The enormous turnouts for International Women’s Day, held on March 8th ever year, are an expression of this latest feminist wave in Spain.
[ Unwanted kiss: Why Spanish women say Luis Rubiales has to goOpens in new window ]
One barometer of how far Spain has come is to compare the Rubiales case with that of Nevenka Fernández, a local councillor in the northern city of Ponferrada who in 2001 filed a complaint about the mayor, Ismael Álvarez, for sexual harassment. Although he was eventually found guilty, he received widespread public support while Fernández left the country because of the social stigma the case caused her.
On social media this week there has been talk of outing the many other Rubiales-type men who remain in positions of power, in an echo of the #MeToo movement.
However, the changes of recent years do not enjoy unanimous support. Some view them as an effort by the far left to criminalise men. When Rubiales told the federation that his critics were using “false feminism” against him, he could have been auditioning for the far-right Vox party, which has frequently used gender issues as a political battleground.

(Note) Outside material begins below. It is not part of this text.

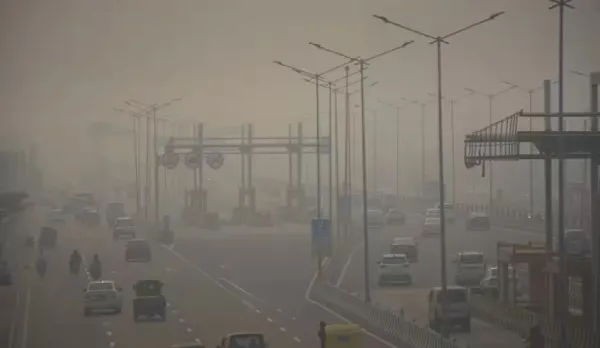 Delhi Air Pollution: दिल्ली में जहरीली हवा 400 के पार, ओला-उबर टैक्सियों की एंट्री पर रोक, जल्द कृत्रिम बारिश करवा सकती है सरकार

“Without a doubt, what has happened here is linked to feminism, which has basically turned into common sense and that is very powerful,” the sociologist Carmen Romero Bachiller told the news site elDiario.es. “It wrong-foots those who haven’t accepted that times are changing.”
Yet an interesting aspect of this affair is the identity of some of those who chose not to swim against the anti-Rubiales tide. Even Vox appeared to view the controversy as a lost cause for its antifeminist agenda, and stayed mostly quiet.
Three months ago, Spanish football went through another major crisis when long-standing racist abuse against Real Madrid’s Brazilian player Vinicius Jr suddenly became headline news around the world. That deeply embarrassing episode prompted drastic, unprecedented action from the authorities.
Now, sexism in Spain has come under similar scrutiny. The country has made enormous strides forward on this issue in recent years, but Rubiales’s own goal may have just pushed it a lot further.